Your objective: Pictures excluded, retype the lines from the one containing "APRILIA SCARABEO 50" through the last line of the data below, both included.

Source data:

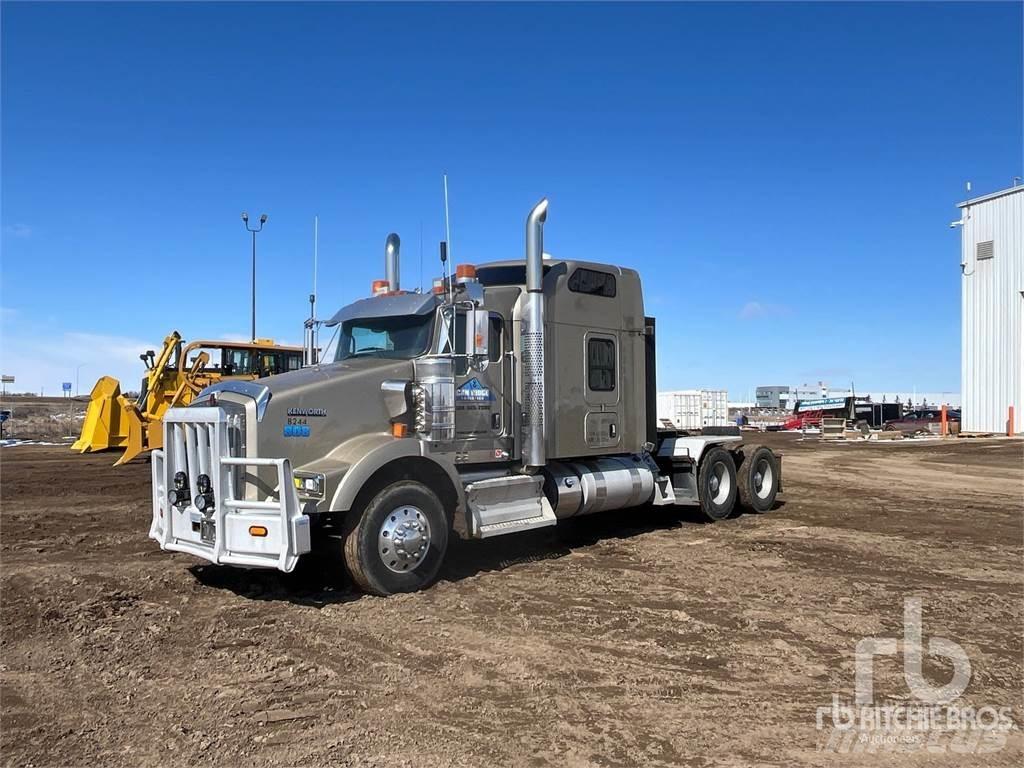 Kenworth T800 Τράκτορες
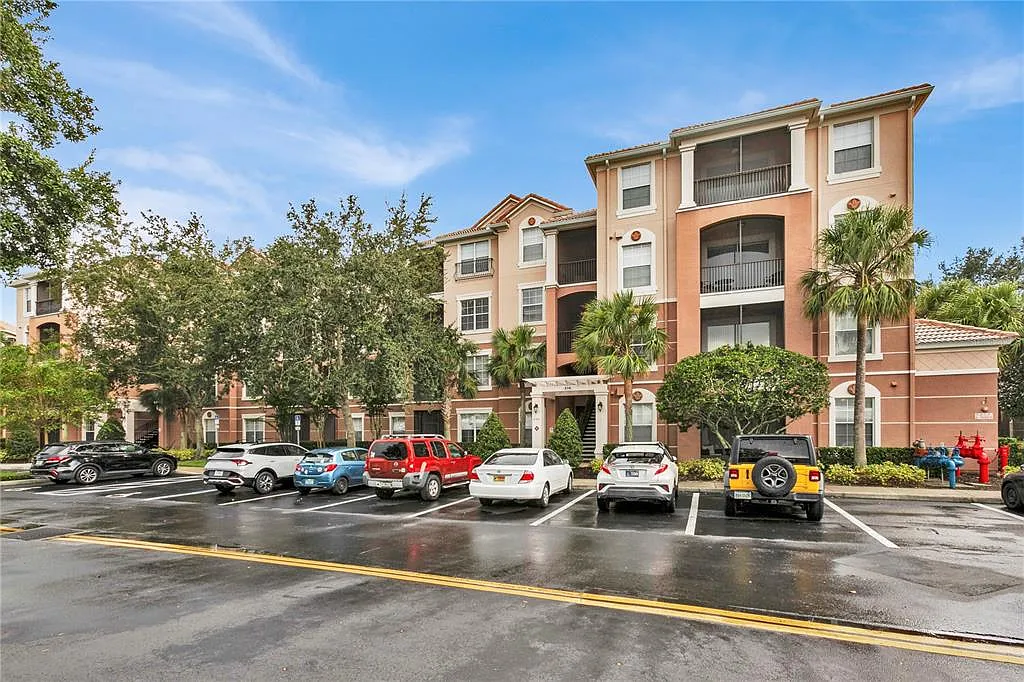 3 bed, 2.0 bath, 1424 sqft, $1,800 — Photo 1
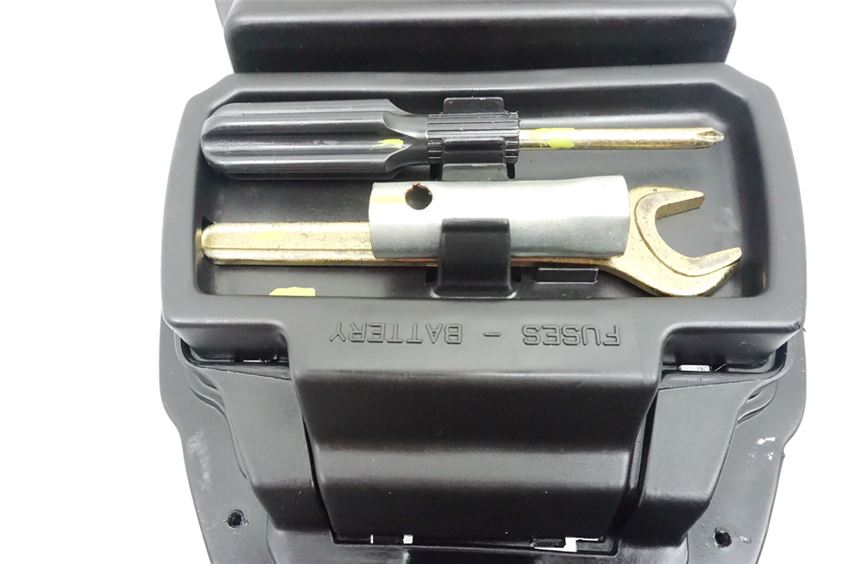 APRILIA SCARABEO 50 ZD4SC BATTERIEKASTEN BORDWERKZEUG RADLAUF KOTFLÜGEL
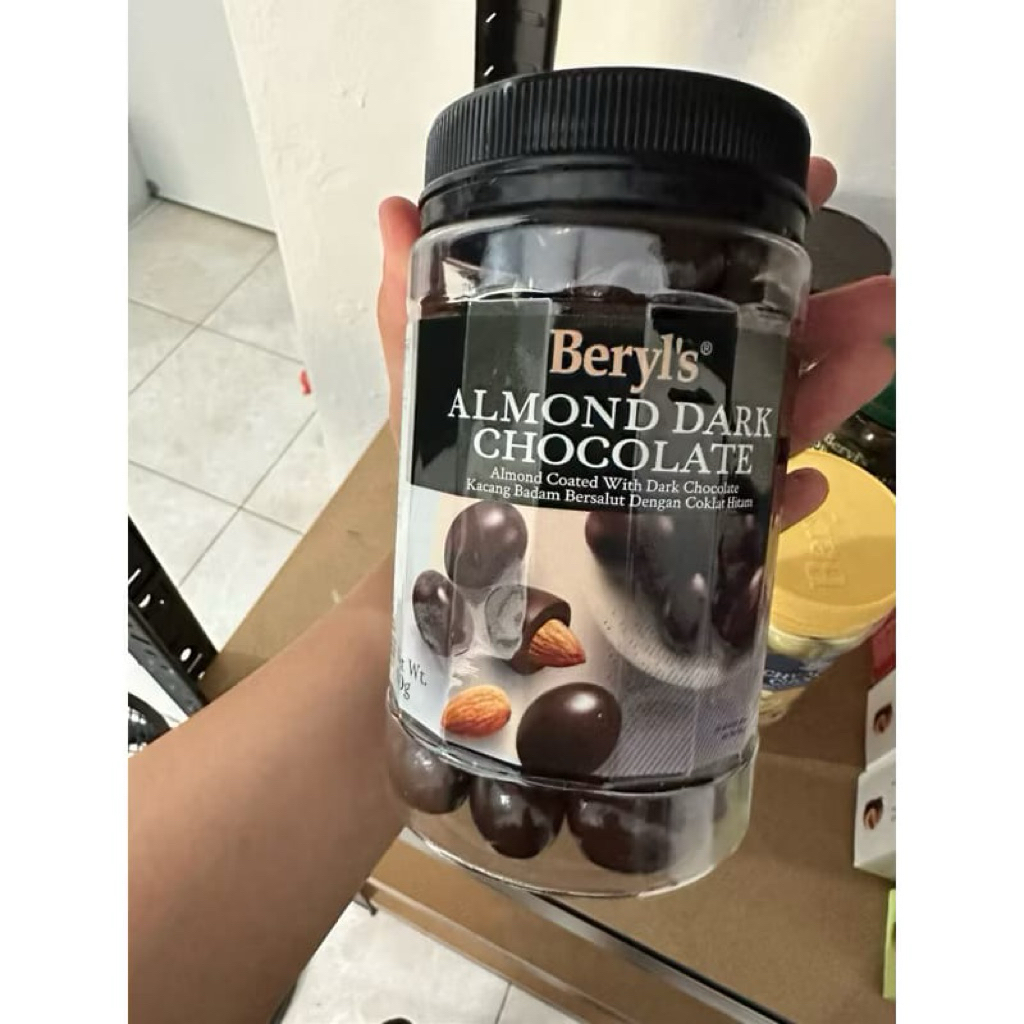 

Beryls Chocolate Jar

Exercise result:
 APRILIA SCARABEO 50 ZD4SC BATTERIEKASTEN BORDWERKZEUG RADLAUF KOTFLÜGEL

Beryls Chocolate Jar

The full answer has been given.